- **Material for this task**:
◇ ◇ ◇ ◇ ◇ ◇ ◇
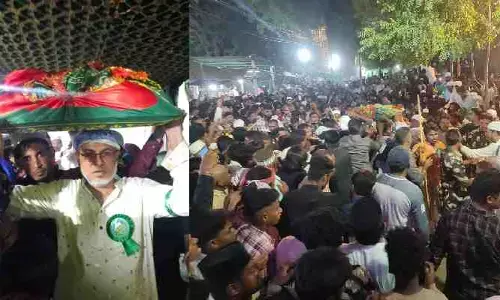 భక్తులతో కిటకిటలాడిన బిజిగిర్ షరీఫ్ దర్గా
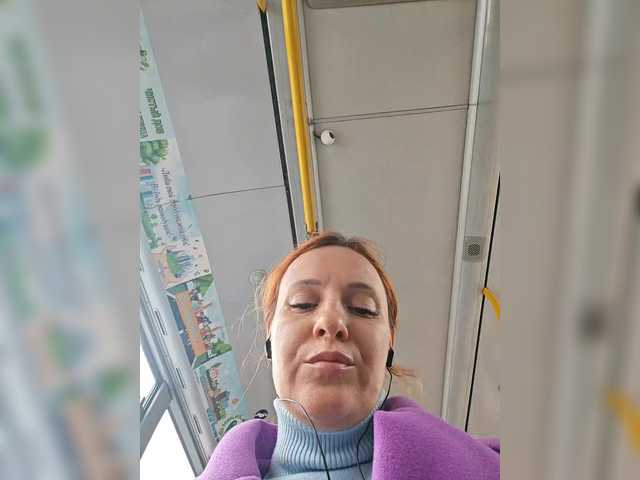 ladybigsmile's BongaCams show and profile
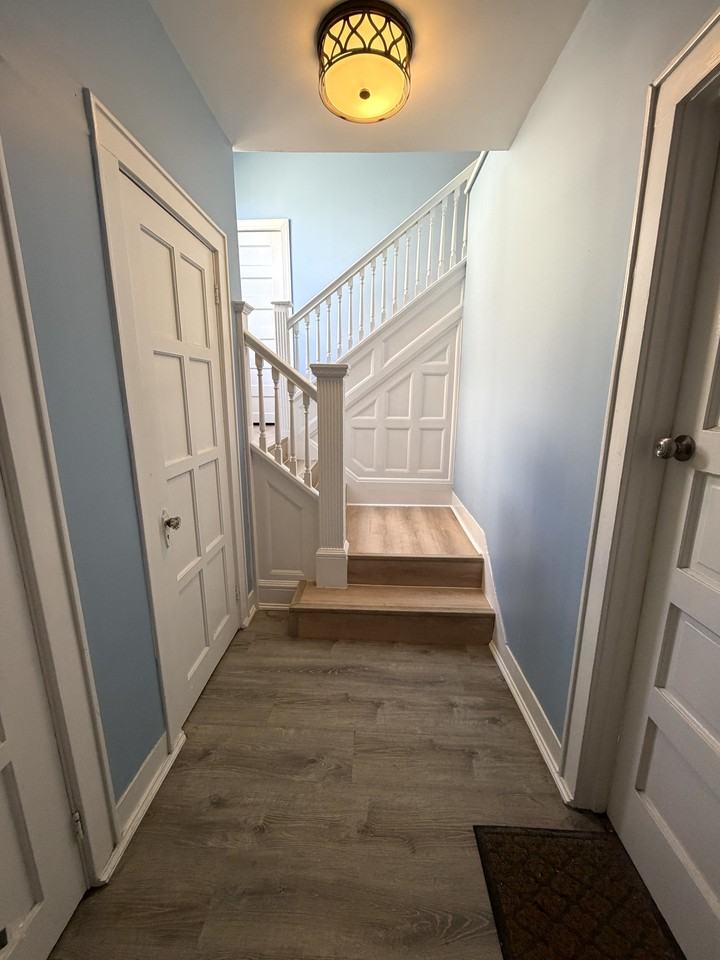 727 Carlton Ave #2 - Photo 6 of 19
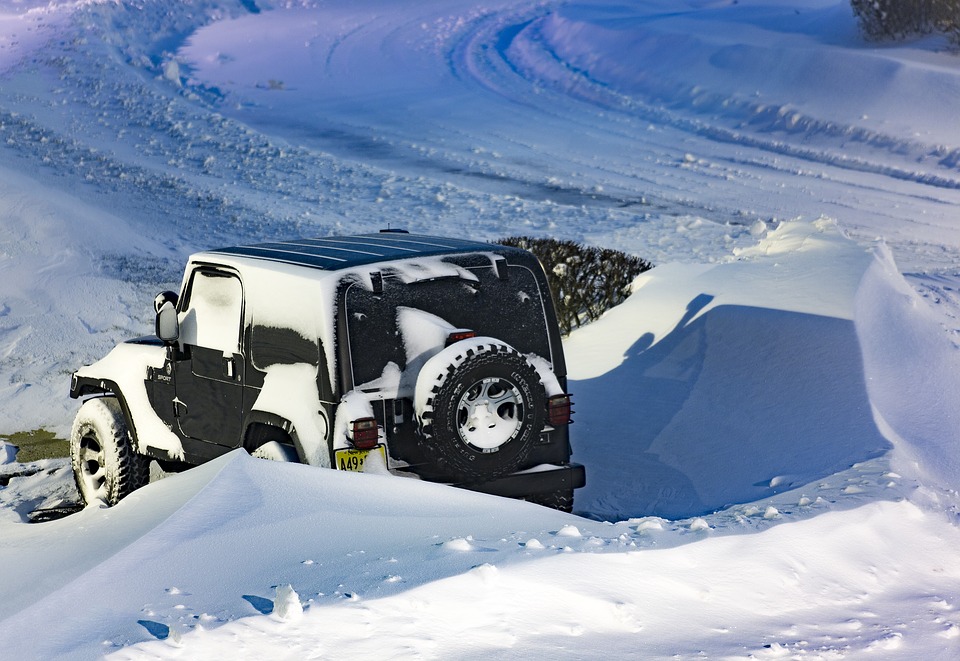 Car_Jeep_Stuck_In_Snow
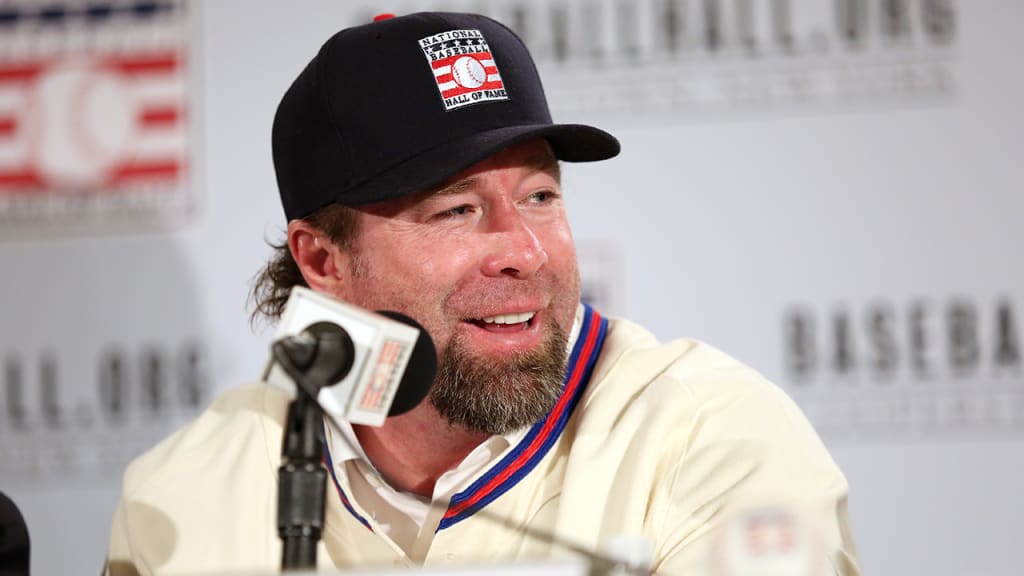 "We've got to keep it a little bit simpler," Jeff Bagwell said. "You can look at all the stuff you want, video and all that, but once you get in the batter's box, you've just got to see the ball and hit it. It sounds easy, but that's the truth." (Getty)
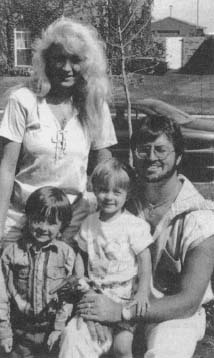 Darlie Routier with her husband Darrin and two sons Damon (left) and Devon. (AP/Wide World Photos)
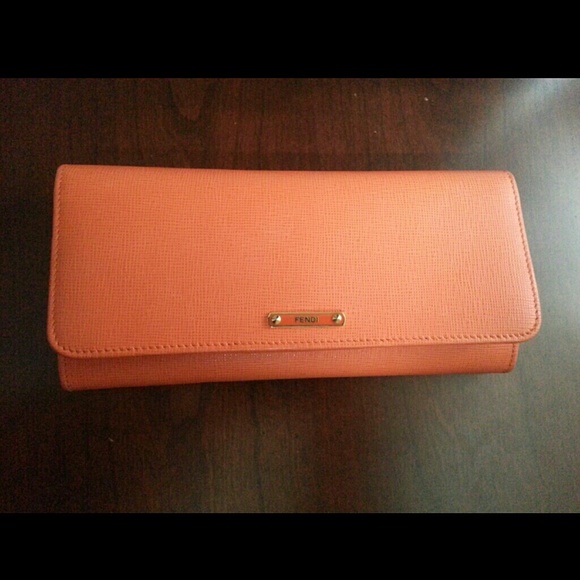 ☆Host Pick☆ Fendi Vitello Elite Wallet Authentic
◇ ◇ ◇ ◇ ◇ ◇ ◇
- **Try it**: Everything from the line containing "got to keep" through the final line of the material must be set down exactly, except the pictures.

- **Response area**:
 "We've got to keep it a little bit simpler," Jeff Bagwell said. "You can look at all the stuff you want, video and all that, but once you get in the batter's box, you've just got to see the ball and hit it. It sounds easy, but that's the truth." (Getty)
 Darlie Routier with her husband Darrin and two sons Damon (left) and Devon. (AP/Wide World Photos)
 ☆Host Pick☆ Fendi Vitello Elite Wallet Authentic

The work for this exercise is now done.